Suzy George, who was a senior aide to former Secretary of State Madeleine Albright, will be Blinken's chief of staff.
Ned Price, a former Obama administration National Security Council staffer and career CIA official who resigned in protest in the early days of the Trump administration, will serve as the public face of the department, taking on the role of spokesman.
Jalina Porter, communications director for Rep. Cedric Richmond, D-La., who is leaving Congress to work in the White House, will be Price's deputy.
Price and Porter intend to return to the practice of holding daily State Department press briefings, officials said. Those briefings had been eliminated under the Trump administration.
Jeffrey Prescott, a former national security aide when Biden was vice-president, is Biden's pick to be deputy ambassador to the United Nations, He would serve under UN envoy-designate Linda Thomas-Greenfield.
Five of the 11 are either people of colour or LGBTQ. Although most are not household names, all are advocates of multilateralism and many are familiar in Washington and overseas foreign policy circles. Their selections are a reflection of Biden's intent to turn away from Trump's transactional and often unilateral "America First" approach to international relations.

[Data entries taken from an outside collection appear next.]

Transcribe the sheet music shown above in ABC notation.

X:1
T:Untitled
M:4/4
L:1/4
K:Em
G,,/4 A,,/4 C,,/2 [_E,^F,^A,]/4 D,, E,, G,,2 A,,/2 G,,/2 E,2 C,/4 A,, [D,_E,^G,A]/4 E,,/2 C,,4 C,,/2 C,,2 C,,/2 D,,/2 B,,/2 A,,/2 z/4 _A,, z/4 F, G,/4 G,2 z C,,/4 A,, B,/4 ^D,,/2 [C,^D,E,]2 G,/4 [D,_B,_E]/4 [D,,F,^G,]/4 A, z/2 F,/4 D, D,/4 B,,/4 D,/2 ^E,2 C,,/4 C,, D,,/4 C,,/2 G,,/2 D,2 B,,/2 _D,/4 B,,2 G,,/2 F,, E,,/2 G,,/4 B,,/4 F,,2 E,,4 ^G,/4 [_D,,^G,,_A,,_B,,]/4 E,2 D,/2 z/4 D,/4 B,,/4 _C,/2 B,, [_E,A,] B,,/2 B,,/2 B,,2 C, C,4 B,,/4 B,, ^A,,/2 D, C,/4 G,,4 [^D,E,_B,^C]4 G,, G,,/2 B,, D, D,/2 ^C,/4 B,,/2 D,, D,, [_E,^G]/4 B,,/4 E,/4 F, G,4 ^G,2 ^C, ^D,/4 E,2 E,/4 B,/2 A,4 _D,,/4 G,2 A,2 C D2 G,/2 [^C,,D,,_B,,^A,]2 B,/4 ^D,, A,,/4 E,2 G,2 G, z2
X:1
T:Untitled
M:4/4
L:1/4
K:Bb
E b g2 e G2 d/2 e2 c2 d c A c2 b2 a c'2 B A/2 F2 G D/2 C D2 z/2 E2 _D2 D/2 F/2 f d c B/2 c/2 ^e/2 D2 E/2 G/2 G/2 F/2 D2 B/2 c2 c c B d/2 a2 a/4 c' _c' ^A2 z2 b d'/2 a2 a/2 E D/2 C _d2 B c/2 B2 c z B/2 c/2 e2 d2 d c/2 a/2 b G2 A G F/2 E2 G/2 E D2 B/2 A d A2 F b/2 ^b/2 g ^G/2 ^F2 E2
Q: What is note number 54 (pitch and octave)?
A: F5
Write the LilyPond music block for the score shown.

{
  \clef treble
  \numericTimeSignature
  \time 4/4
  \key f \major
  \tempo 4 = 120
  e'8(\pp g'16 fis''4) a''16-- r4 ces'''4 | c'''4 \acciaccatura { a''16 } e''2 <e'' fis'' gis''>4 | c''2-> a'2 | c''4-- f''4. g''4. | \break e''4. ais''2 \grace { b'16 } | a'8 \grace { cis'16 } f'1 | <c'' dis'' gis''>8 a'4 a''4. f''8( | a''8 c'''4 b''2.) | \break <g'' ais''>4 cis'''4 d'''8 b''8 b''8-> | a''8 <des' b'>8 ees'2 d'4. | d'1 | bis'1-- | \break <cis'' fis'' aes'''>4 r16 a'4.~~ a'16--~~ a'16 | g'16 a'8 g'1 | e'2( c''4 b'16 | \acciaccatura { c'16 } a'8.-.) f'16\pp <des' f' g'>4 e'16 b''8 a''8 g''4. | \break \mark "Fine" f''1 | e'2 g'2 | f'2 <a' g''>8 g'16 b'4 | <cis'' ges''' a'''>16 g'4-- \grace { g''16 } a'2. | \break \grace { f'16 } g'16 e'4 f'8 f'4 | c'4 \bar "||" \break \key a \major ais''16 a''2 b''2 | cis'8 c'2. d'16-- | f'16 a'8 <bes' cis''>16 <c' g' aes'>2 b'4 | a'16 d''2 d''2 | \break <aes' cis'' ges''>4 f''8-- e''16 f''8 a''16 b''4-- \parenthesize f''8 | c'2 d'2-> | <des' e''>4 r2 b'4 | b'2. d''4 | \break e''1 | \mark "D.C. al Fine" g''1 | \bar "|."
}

"These leaders are trusted at home and respected around the world, and their nominations signal that America is back and ready to lead the world, not retreat from it," Biden said in a statement. "They also reflect the idea that we cannot meet this new moment with unchanged thinking or habits, and that we need diverse officials who look like America at the table. They will not only repair but also reimagine American foreign policy and national security for the next generation."
Sherman led the Obama administration's negotiations leading to the 2015 nuclear deal with Iran, from which Trump withdrew, and had engaged in talks over ballistic missiles with North Korea during President Bill Clinton's second term. Nuland served as assistant secretary of state for European Affairs during the Ukraine crisis.
Sherman, McKeon, Nuland, Jenkins and Zeya will require Senate confirmation to their posts while the others will not.